= Josef Alois Gleich =

Josef Alois Gleich (also Joseph Alois Gleich; pseudonyms Adolph Blum, Ludwig Dellarosa, Heinrich Walden; 14 September 1772 – 10 February 1841) was an Austrian civil servant, and a prolific dramatist and novelist.

==Life==
Gleich was born in Vienna in 1772, son of a clerk. At the University of Vienna he studied philosophy, languages and public accounting, and entered the civil service. From 1790 to 1831 he was employed in provincial accounting of Lower Austria.

===Plays===
From 1791 he was active in Vienna as a writer. He was a dramatist, and wrote about 220 plays from 1804 to 1833; they were staged at the Theater in der Josefstadt, where he was assistant director from 1814 to 1816, and at the Theater in der Leopoldstadt. Like his contemporaries Karl Meisl and Adolf Bäuerle, his plays developed the tradition of Old Viennese folk theatre.
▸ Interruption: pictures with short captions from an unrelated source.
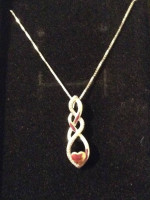 NEW ROSE GOLD HEART NECKLACE SET IN STERLING SILVER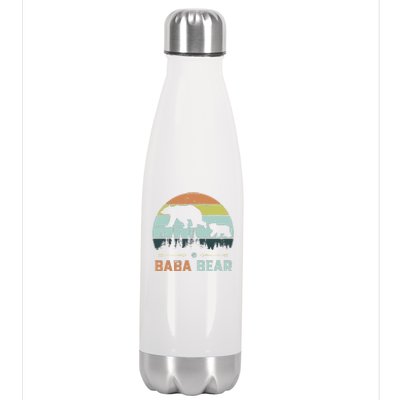 Retro Vintage Baba Bear Stainless Steel Insulated Water Bottle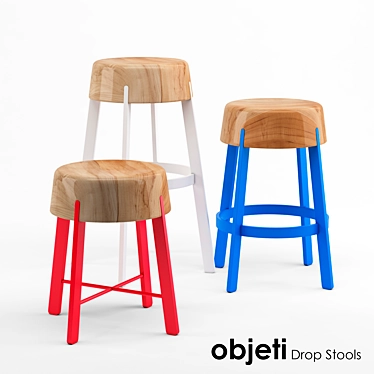 Objeti Drop Stools: Versatile Heights 3D model image 1 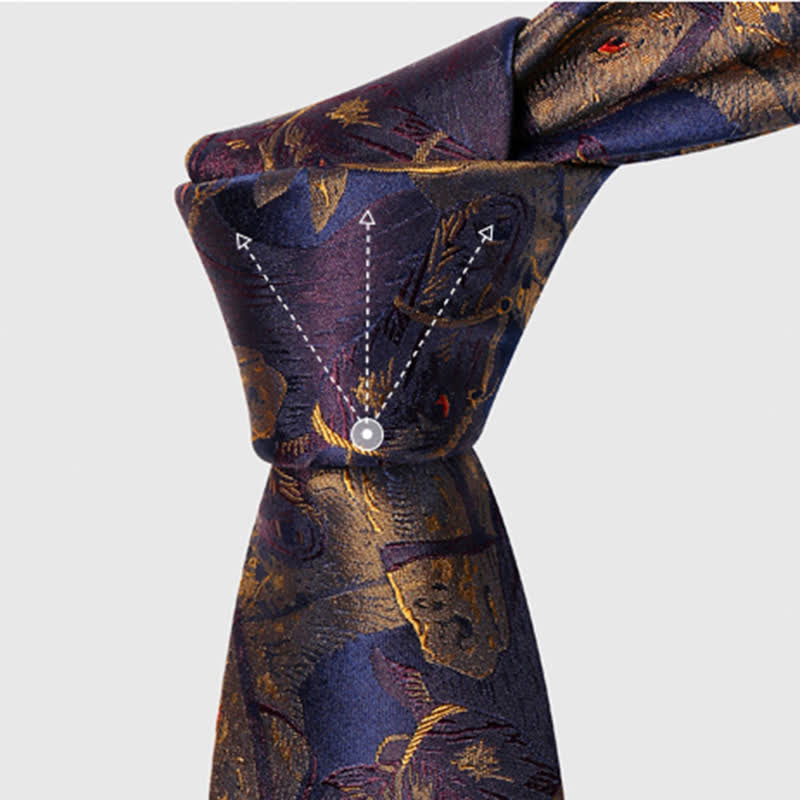 Cravatta da uomo in jacquard con motivo a cavallo viola e verga d'oro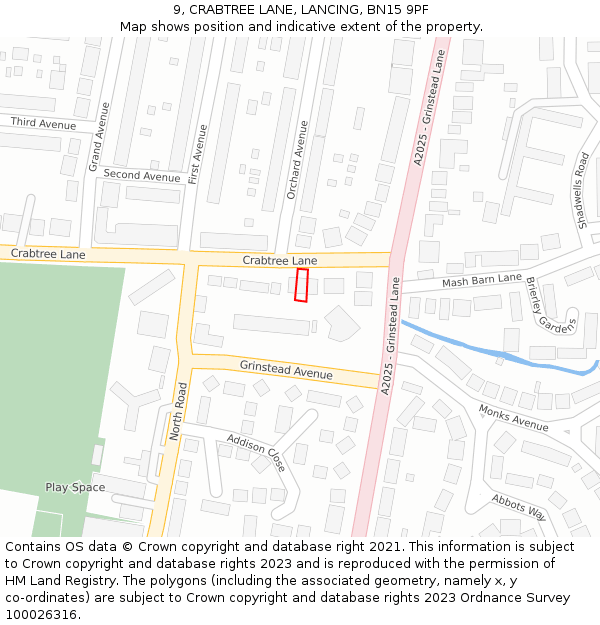 9, CRABTREE LANE, LANCING, BN15 9PF: Location map and indicative extent of plot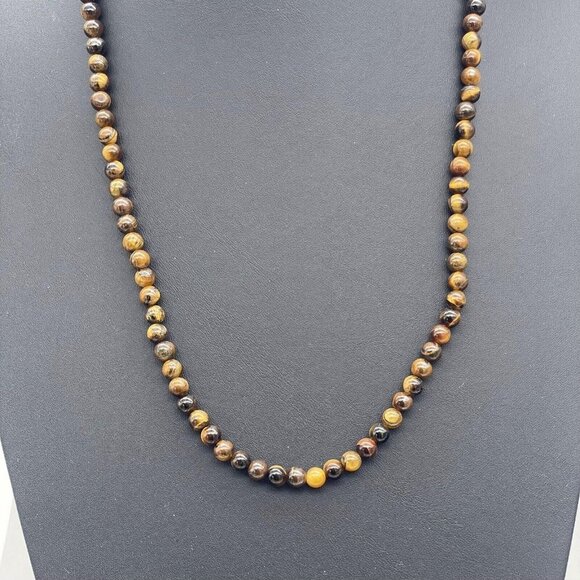 Tiger Eye Ball Beaded Stretch Necklace Adjustable 24 Inches - Picture 3 of 6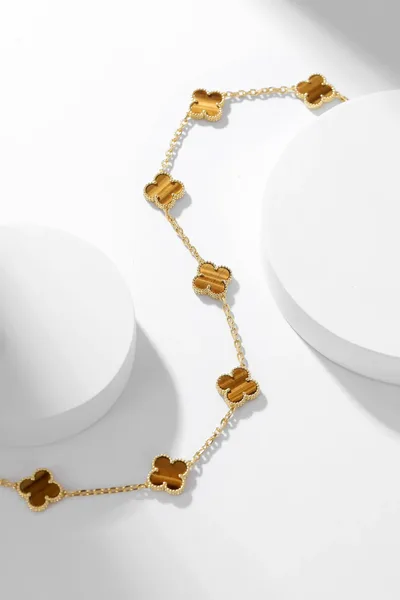 Van Cleef & Arpels Alhambra Brown Ten-Motif Gold-Tone Necklace product view 6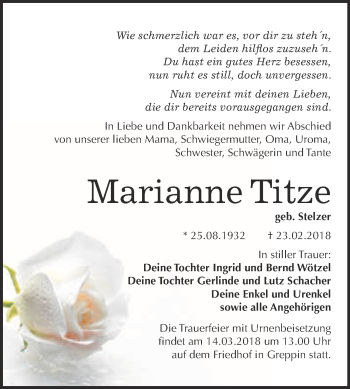 Traueranzeige von Marianne Titze von WVG - Wochenspiegel Bitterfeld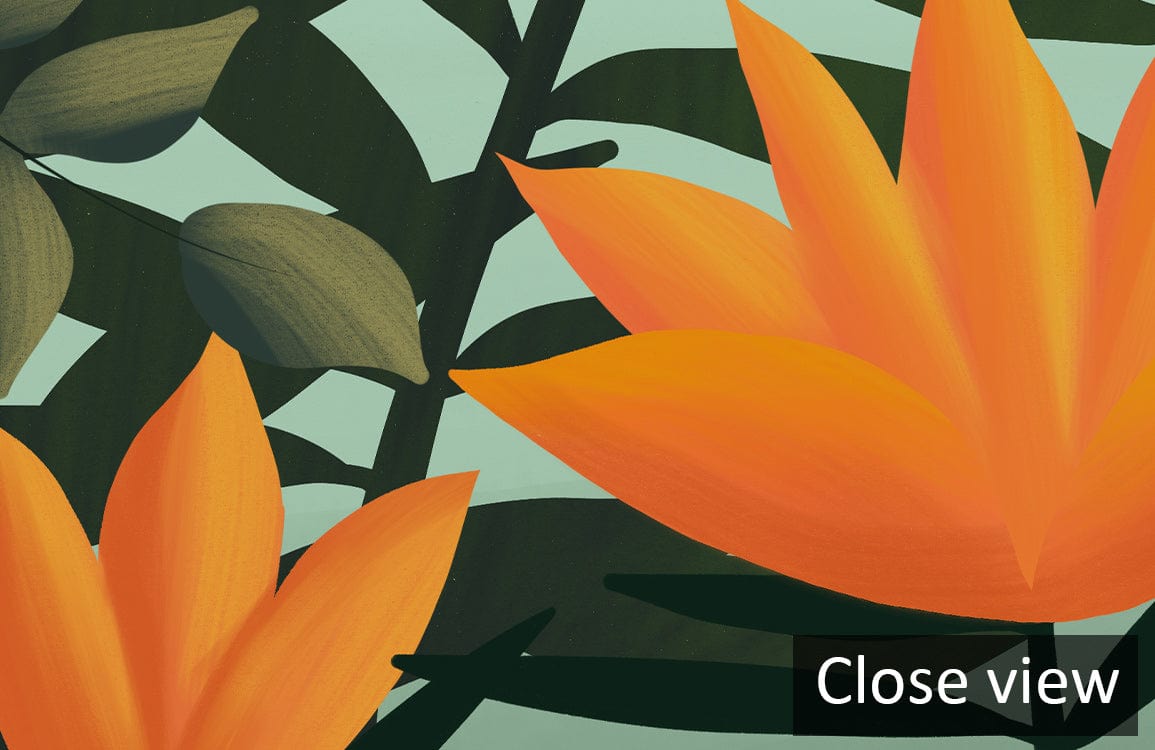 Close view of Tranquil Sunrise Forest Mural Wallpaper, showcasing vibrant green leaves and orange petals.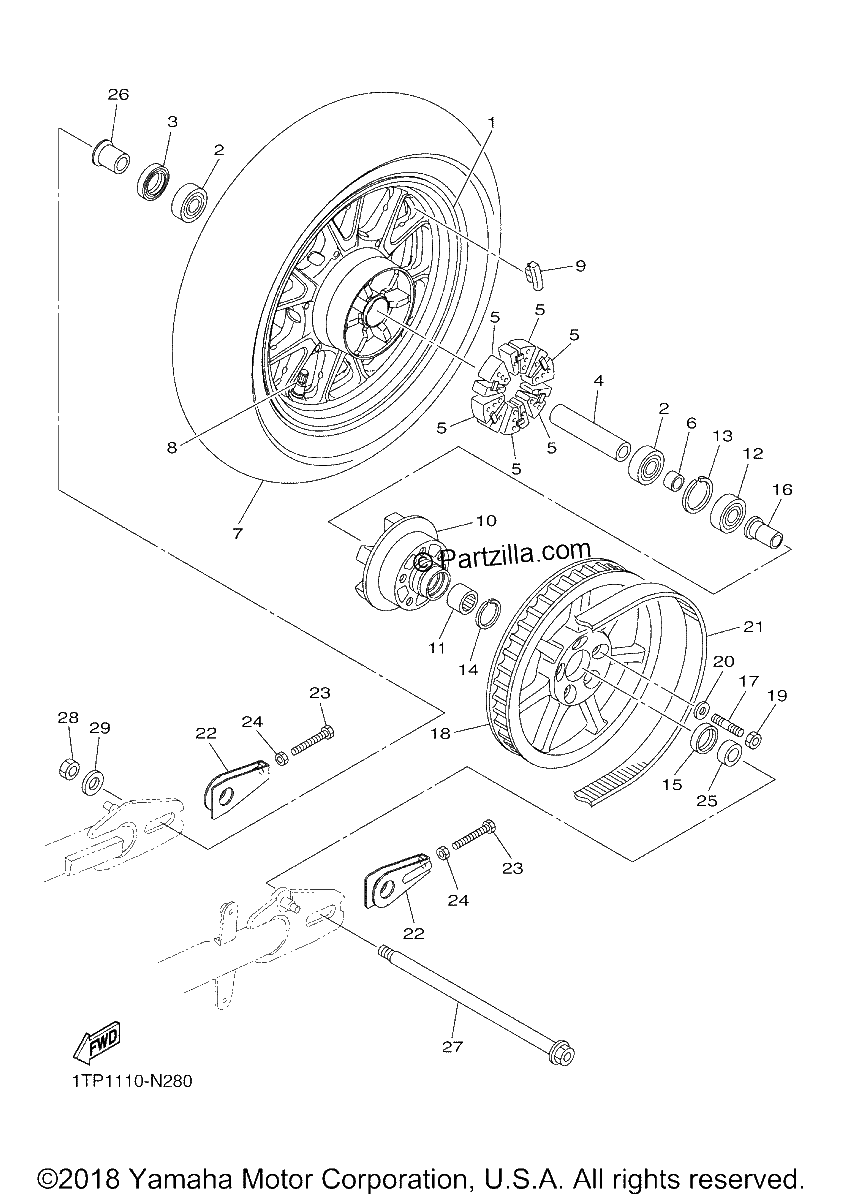 Diagrama de REAR WHEEL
The actor and dramatist Ferdinand Raimund's first acting success was in Gleich's play Die Musikanten am Hohen Markt, and Gleich wrote further plays for him. Raimund, who became Gleich's son-in-law, continued the development of Viennese folk theatre.

===Novels and periodical===
Gleich also wrote about 100 popular novels about knights, robbers and ghosts, modelled on the stories of Christian Heinrich Spiess.

In 1832 he founded a periodical for popular consumption, the "Comic letters of Hansjörgel von Gumpoldskirchen to his brother-in-law Maxel in Feselau with his accounts of daily events in Vienna". They were in the style of the Eipeldauer-Briefe of Joseph Richter. He continued to produce it until his death in 1841.